### Assignment
The reply should hold only the lines from the one with "Crowdfunding To Support" to the one with "All-inside meniscus repair", both ends kept, exactly as they appear below, without any pictures.

### Data records
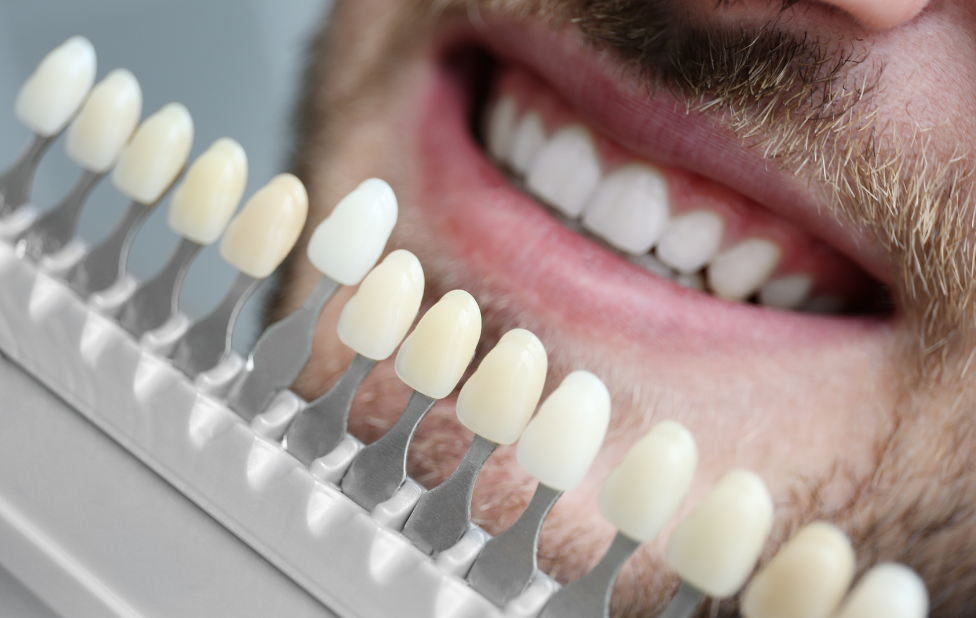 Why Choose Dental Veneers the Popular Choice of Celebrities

==

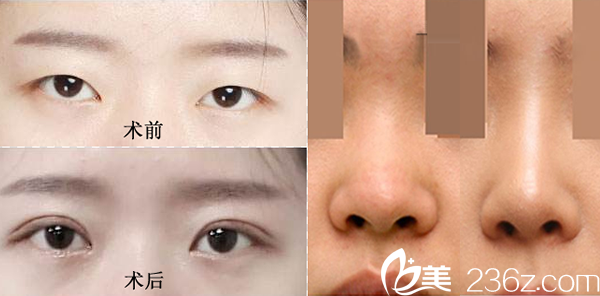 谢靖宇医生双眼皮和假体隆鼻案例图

--

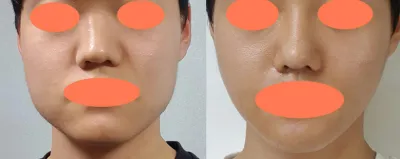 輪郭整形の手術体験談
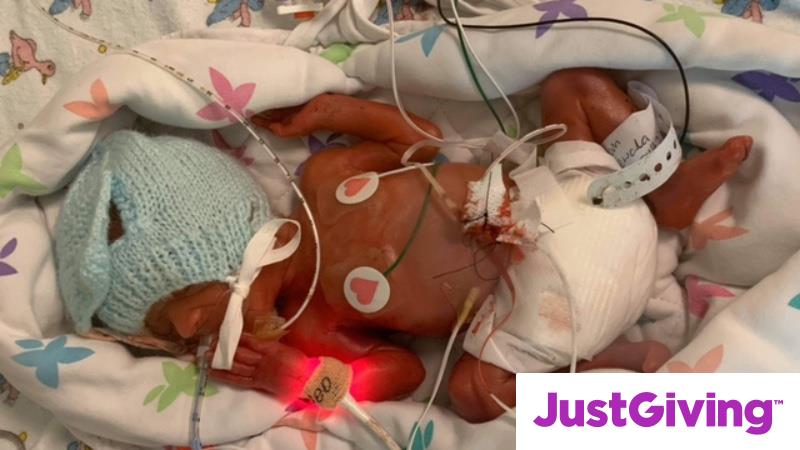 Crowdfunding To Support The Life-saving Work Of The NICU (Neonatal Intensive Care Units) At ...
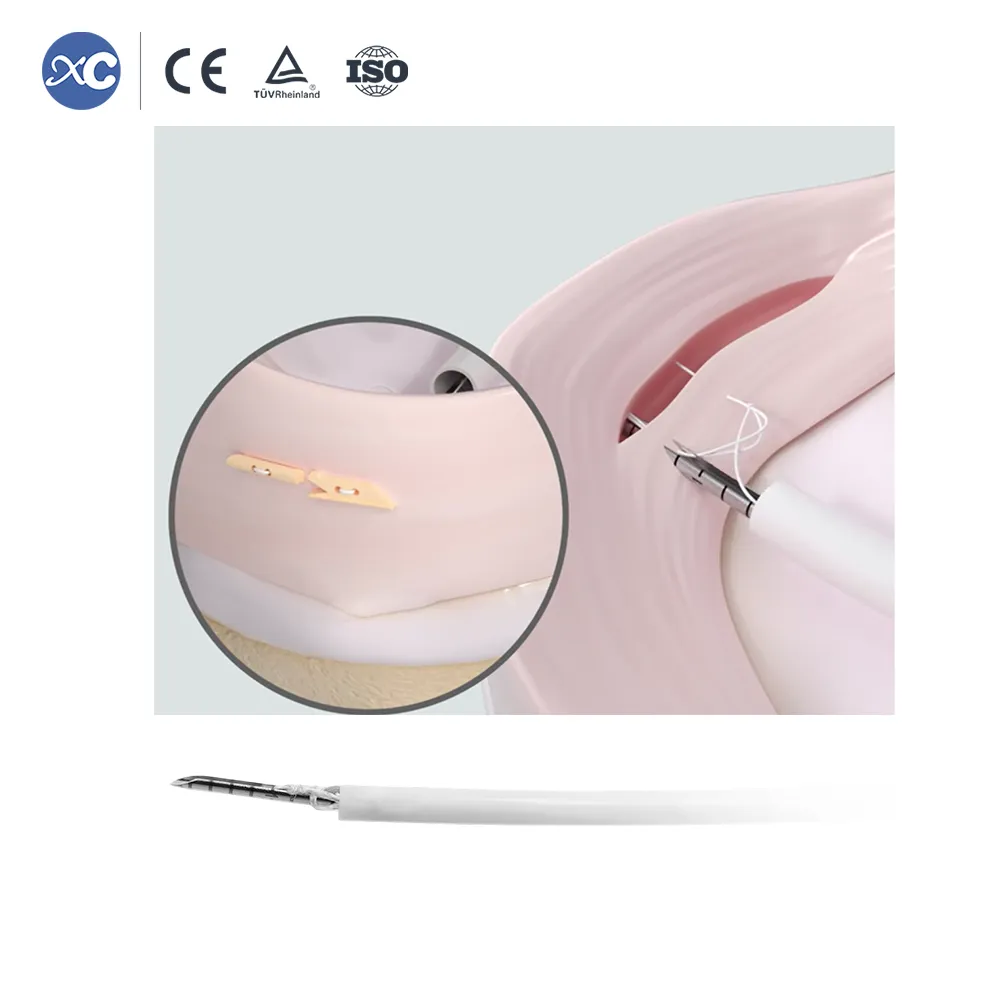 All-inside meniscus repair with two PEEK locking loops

### Task solution
 Crowdfunding To Support The Life-saving Work Of The NICU (Neonatal Intensive Care Units) At ...
 All-inside meniscus repair with two PEEK locking loops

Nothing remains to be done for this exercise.